The torch in Detective Holloway’s right hand flickered and died. He tried to revive it by shaking it vigorously, but it was completely broken. Being careful not to trip on any stray branches, or slip in the sticky mud, Detective Holloway carefully made his way to the other police officers.
All of the other officers were focusing all of their attention onto the old lady who had made the phone call, so none of them noticed Detective Holloway join them. They all shared the same expression of confusion and chagrin. When Detective Holloway was within earshot of the old lady, she was halfway through answering the officer’s questions.
“I was putting the cat out.” She said, “And I heard the loudest scream I’ve ever heard in my life. It was high too. It didn’t sound like a person because it was so high it made my ears ring.”
“So there wasn’t any screaming?” Detective Holloway asked, making the two officers next to him jump out of their skins.
“No, there was screaming as well.” The lady replied indignantly.
“How far away do you live?”
The old lady scowled at Detective Holloway and reluctantly pointed towards the front gates. In the distance, Holloway could just make out a stone cottage that he hadn’t noticed on the way in.
“How would you say you’re hearing was nowadays?” Holloway asked sincerely, but a couple of the other officers smirked. The old woman put her hands on her hips and tapped her toe impatiently. From the faint light of the car headlights, Detective Holloway could see how sunken her stern eyes were, and her collar bones that were protruding through her skin. She looked half starved, as if nobody had been to check up on her in a very long time.
“Are you saying that I’m lying?” she said through her teeth.
“Not at all.” Holloway assured her, “I’m simply pointing out that it is a very long way for a lady of your age to hear such a thing.”
“A lady of my age!” she shrieked.
“Why were you putting your cat out at such a late hour?” Holloway continued.
“She wanted to hunt.”
“Surely you could have done that earlier in the evening?”
“I forgot.” The lady replied hesitantly. Detective Holloway sighed heavily; he didn’t have time for this.
“Right, well, thank you, for your help. We’ll do our routine search and then continue in the morning I think.”
“I’m not making this up!” the lady cried desperately, “I really did hear something.”
Detective Holloway smiled at her encouragingly and walked away, back towards the house. The babble of police officers followed him.

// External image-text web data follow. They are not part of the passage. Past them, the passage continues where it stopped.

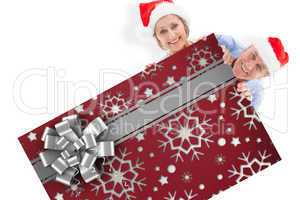 Composite image of festive couple showing poster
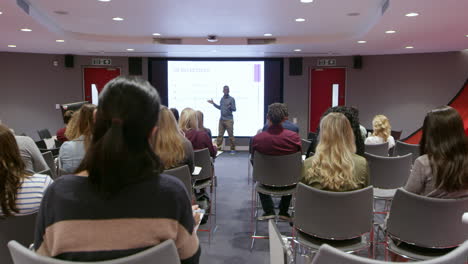 teacher using an av screen in a university classroom, shot on r3d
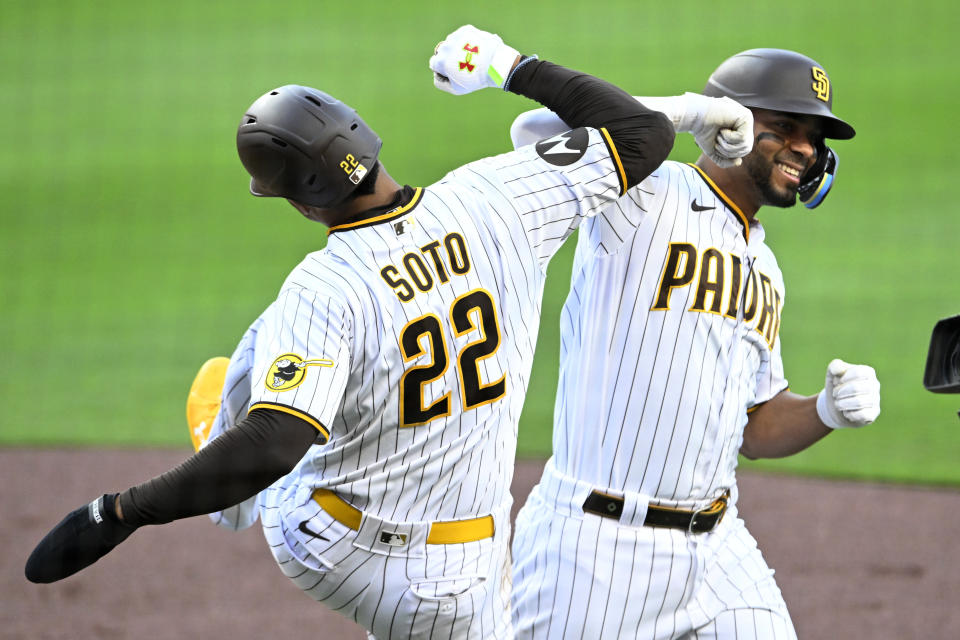 San Diego Padres' Xander Bogaerts, right, gets congratulations from Juan Soto after hitting a two-run home run against the Colorado Rockies during the first inning of a baseball game in San Diego, Saturday, April 1, 2023. (AP Photo/Alex Gallardo)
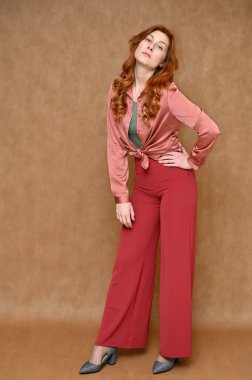 Tam boy dikey portre, bej arka planda beyaz, kızıl saçlı hoş bir kadının duruşu. Manken pembe gömlek, kırmızı pantolon ve gri ayakkabı giyiyor..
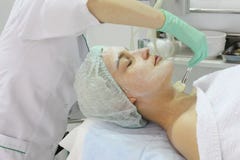 Στο σαλόνι ομορφιάς μια νέα γυναίκα κάνει μια αποφλοίωση στο πρόσωπό της στοκ εικόνες Στο σαλόνι ομορφιάς μια νέα γυναίκα κάνει μια αποφλοίωση στο πρόσωπό της στοκ εικόνες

“Do you think that this is a false report then?” one of them whispered.
“She’s an old lady; I don’t think all she’s saying is true.” Holloway laughed. “Let’s just do the search for the paper work and get back home.”
Suddenly, the window next to Detective Holloway exploded in front of his eyes like a firework. He threw his arm up to protect his face and he felt the shards of glass drop to his feet, ripping gashes into his clothes. A nearby door was flung open and it creaked loudly on its rusty hinges, causing all of the police team to swing around in synchronisation. Two figures, dressed entirely in black, sprinted from the house and disappeared into the corn field behind the house. The one in the front was extremely tall and lanky, and the one behind ran as fast as a cheetah.
As the officers stumbled into a disorganised chase, Detective Holloway faintly heard the old woman grumbling angrily.
“I told you so.” She murmured harshly.